Look At My Hands 002/016
WORDS & ILLUSTRATIONS: Hannah Rexinger
I don’t know when it began exactly, but whenever I try to concentrate on a careful task, my hands tremble. It’s only slight, but enough to throw a wrench into the idea of eating cereal or becoming an artist. All the things I wanted to accomplish necessitated a steady hand—painting, drawing, or even photography. Defeated, I settled upon writing for a while, thinking that that was the only thing my hands were capable of. I couldn’t create good art; I couldn’t be good art.

Christine

invited me to her art studio one morning to paint with her. It wasn’t until I sat there, paintbrush pushed aside in frustration, that I hesitantly came to terms with my own hands. Christine—an incredibly accomplished artist, as well as my best friend’s mother—stood at my shoulder and challenged me. She said, “look at my hands;” they weren’t perfect either. I looked up to see the unsteady lines of her flowers and lettering that hung on the walls of her studio. At the tips of these faltering fingers laid endless possibility for beauty. Thousands of people love and buy her work; her difference does not stop her.

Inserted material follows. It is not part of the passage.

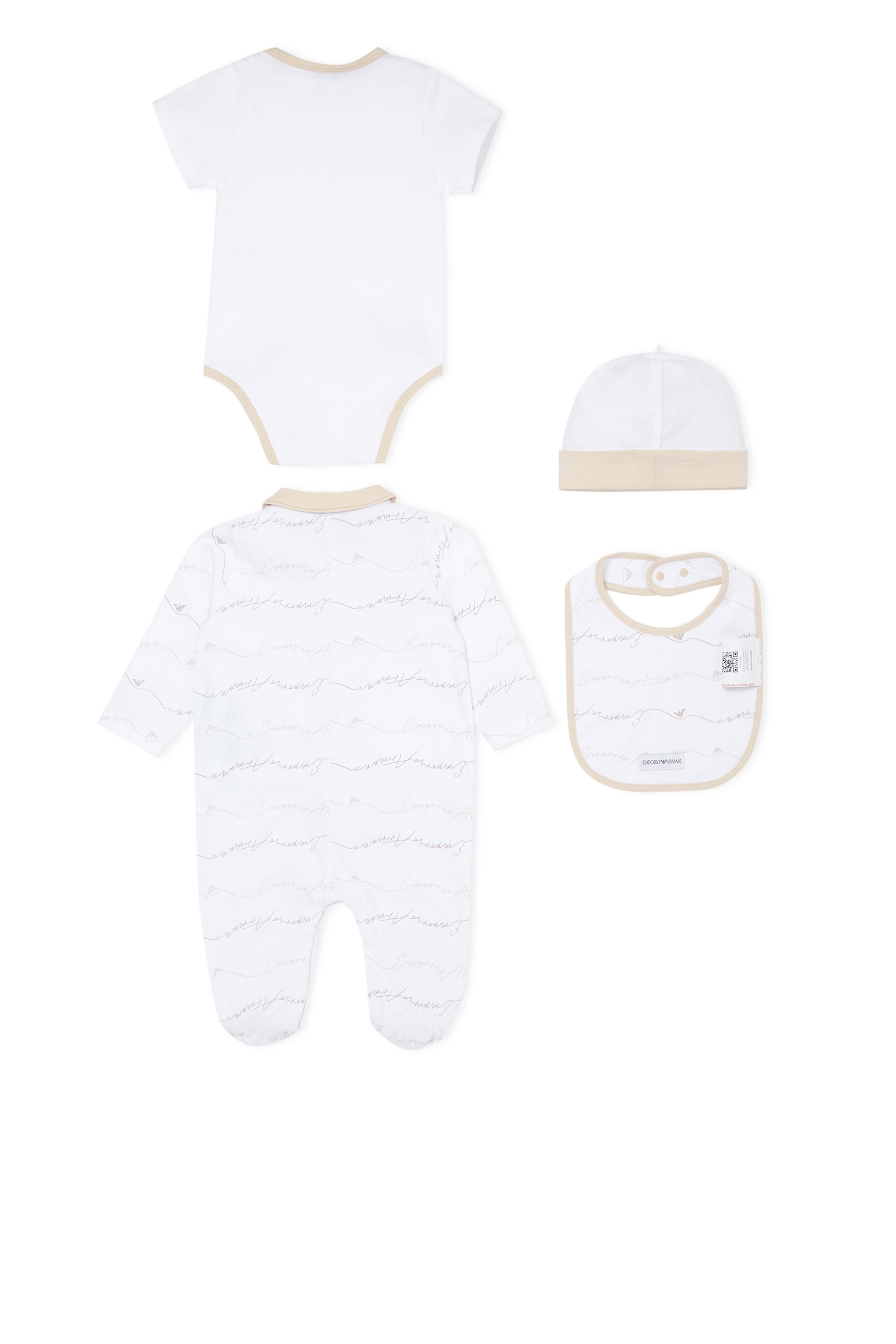 Take Me Home My First Armani Set of Five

Though eating cereal can still be a challenge, taking control of the uncontrollable has allowed me to hold my precious differences dear. And just as Christine did, my differences allow me to recognize the beauty in the differences of others.

20th St and Colorado

Last Saturday, I sat in a coffee shop on the corner of Colorado and 20th, watching and listening to the people that passed by. Each and every one of them had tremors of their own, these almost indistinguishable differences, the wavy notches of a chin or the small inlets of a nose. These tremors were not mistakes, they were pieces. Pieces of a person that no one else had, pieces that made up the whole, pieces that made them whole.

Hollywood Blvd and N Vermont Ave

Sunday, April 1st, and still my hands shake. But everyone else’s do too, in their own way. I’ve learned through this struggle of mine how important it is to recognize the beauty in other people’s tremors, too, to see their differences as admirable and to encourage them to use those differences to create and do beautiful, wonderful things.

A tremor does not make a person an error; their difference is not a fault they have to fix, their difference is them, and their difference is lovely.

Look at my hands. They are like yours, but different.

San Vicente Blvd

Somewhere on San Vicente, I drew the faces of these strangers without picking up my pen, letting the ink run together. My trembling hands were no different than another’s curving ear lobes; our differences were the same, our ink bleeding on the same page.